Tailings from salt work and a soda work have been pumped into the southern part of Traunsee (bay of Ebensee) for more than 50 years. Solid wastes have accumulated to form a pile > 40 m high with a total volume of > 3 × 106 m3. The sandy silty mud consists of calcite and other phases of CaCO3, brucite, CaO resp. Ca(OH)2 and gypsum. The chemical environment of the mud is characterized by extreme alkaline pore water (pH > 10 up to 12.5; total amount of pore water: 3 × 106 t) and highly negative Eh-values. These values result from the pumped tailings and from postdepositional chemical processes such as dissolution resp. reaction of CaO, brucite and gypsum and precipitation of CaCO3. The high water content of the mud and the steep slopes (> 15°) are responsible for frequent debris flows near the waste inlet, and occasional turbidity currents flow down to the distal basin floor.
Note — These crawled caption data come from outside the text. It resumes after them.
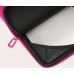 Tucano Colore2 do laptopów 13" 14" macbook Pro 15'' różowy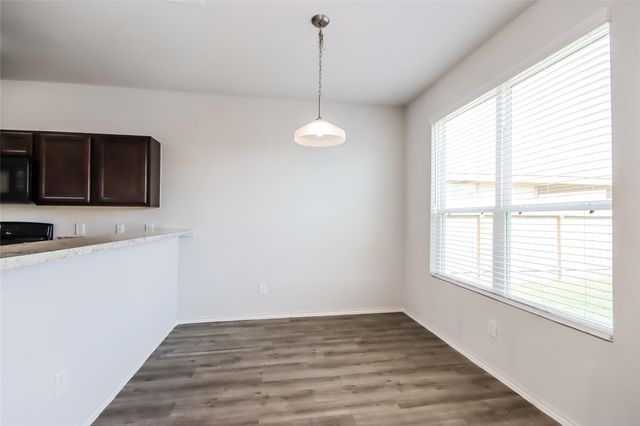 22407 Porter Mountain Trail, Porter, TX 77365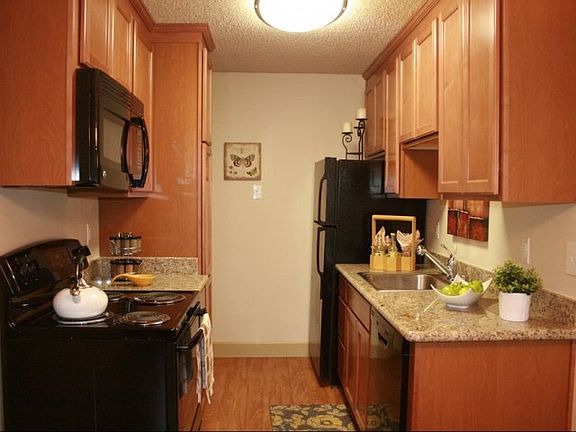 2nd image of 6501 208th St SW #I02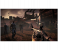 Into the Dead 2 Nintendo Switch Game 3 in OMAN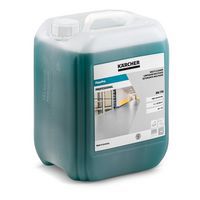 Gulvrengøring FloorPro Multi Cleaner RM 756 10 l - Kärcher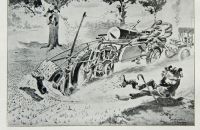 Mezinárodní závody 1904-05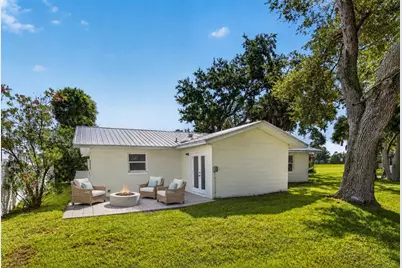 5464 Riverside Drive, Port Orange, FL 32127 - Photo 6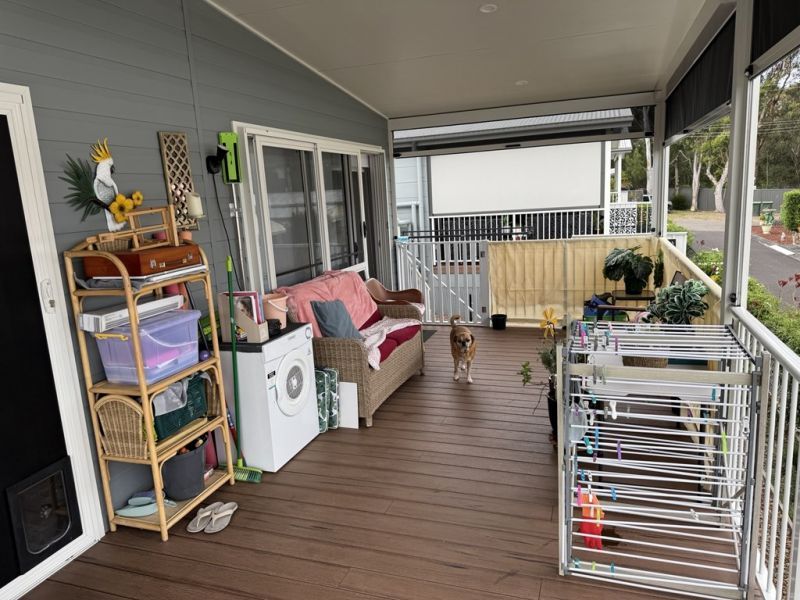 Rare Opportunity in Lakeland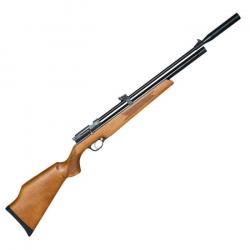 Carabine à plomb PCP Artemis PR900W - Cal 4.5 - 4.5 mm / Carabine seule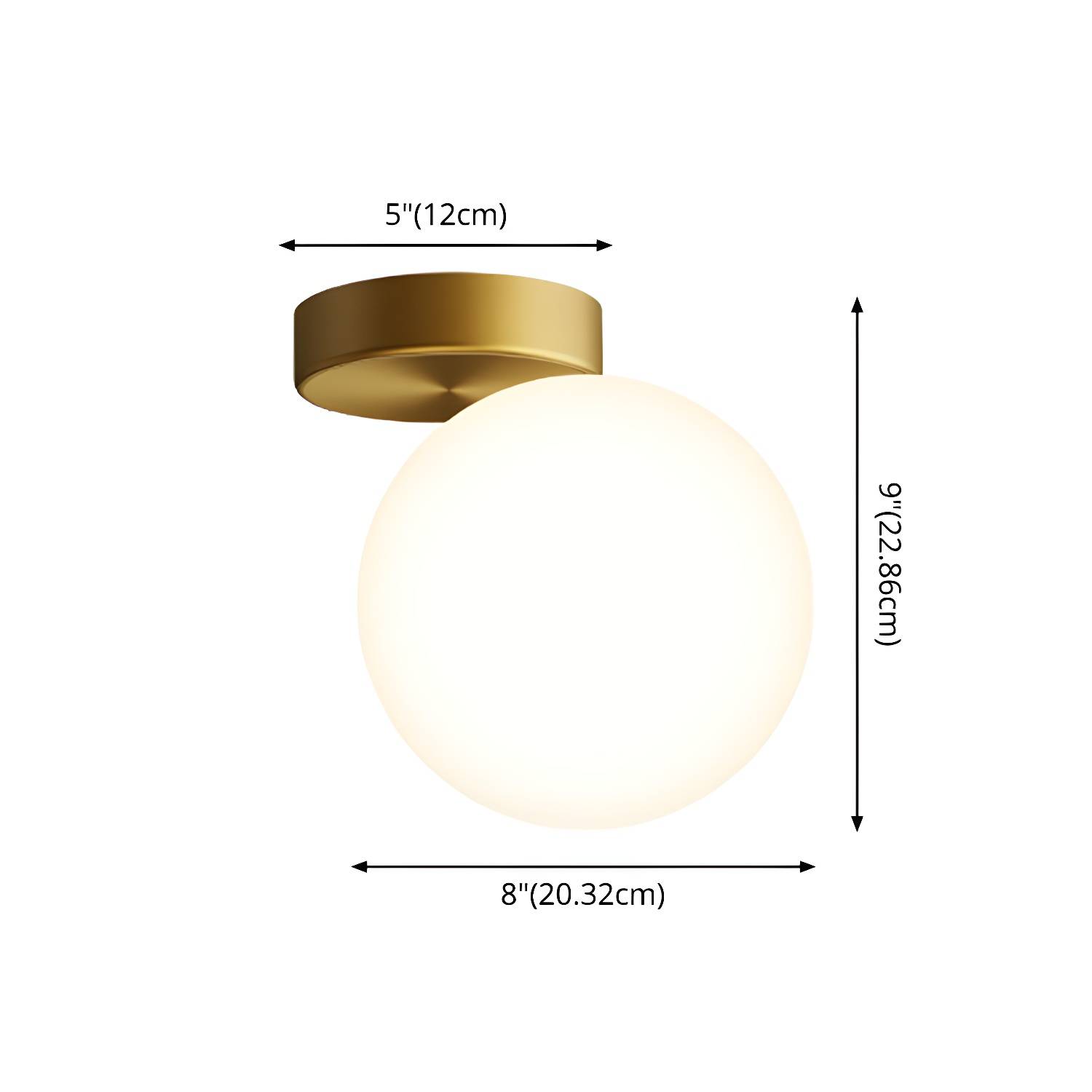 Imported image 88fdb0eea38c 2604893.jpg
One particular current may transport up to 4 × 105 m3 of alkaline mud as far as 6 km from the inlet into the profundal basin plain, intercalating with natural lake sediments. Sedimentation rates in the northern part of Traunsee within the last decades are isotopically measured as 0.4–0.5 cm/a. In the central basin the sedimentation rates within the last 50 years are in the range of 2–3 cm/a. Up to 75% of the profundal sediments consist of industrial tailings and turbidites. Thus, within a substantial portion of the profundal zone (about 15%) the benthic fauna and the chemical environment of the sediments are influenced by the alkaline tailings.